En France, les fédérations de chasseurs disent multiplier les actions de sensibilisation à la sécurité, notamment auprès des jeunes. Mais le problème n’est pas là, car  les statistiques sont formelles : les accidents mortels sont provoqués par des chasseurs plus âgés. Depuis des décennies, la LFDA dénonce l’aberration consistant, lors du renouvellement annuel du permis de chasser, à considérer comme suffisante la déclaration par le candidat lui-même qu’il n’est atteint d’aucune affection compromettant la sécurité ; la LFDA réclame un examen et une certification médicale obligatoire chaque année à partir de soixante ans.

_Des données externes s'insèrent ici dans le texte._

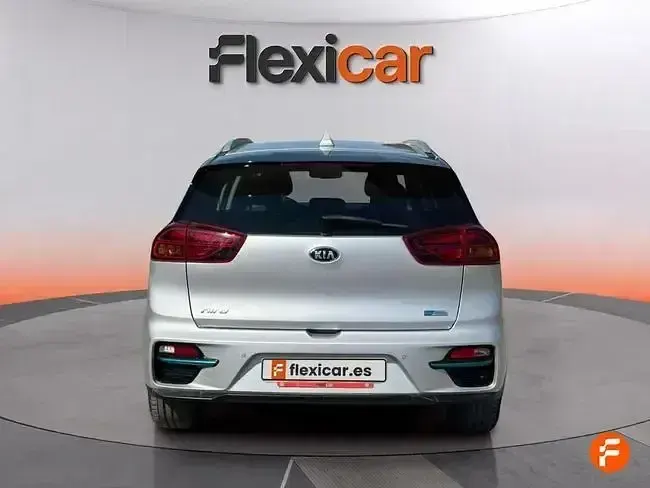 Usado Kia e-Niro 100 kW (136 CV) 2020 Gris SUV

La Fédération nationale des chasseurs dit demander une réforme du permis de chasser, qui obligerait les chasseurs à suivre une « remise à niveau sur les consignes de sécurité et un examen tous les dix ans », qui serait une condition pour pouvoir continuer à chasser. Paroles verbales. Pendant la campagne présidentielle, les candidats se sont rendus auprès de la Fédération des chasseurs pour l’assurer de leur soutien indéfectible et louer l’action bénéfique des chasseurs dans nos territoires. La Fédération s’est gargarisée de ces louanges : elle n’en a pas profité pour réclamer la réforme qu’elle dit pourtant essentielle.

Jean-Claude Nouët

Sources : Ouest-France 18-09, Nice-Matin 18-09,  Le Dauphiné 19-09, France Bleu Pays de Savoie 18-09.

Article publié dans le numéro 95 de la revue Droit Animal, Éthique & Sciences.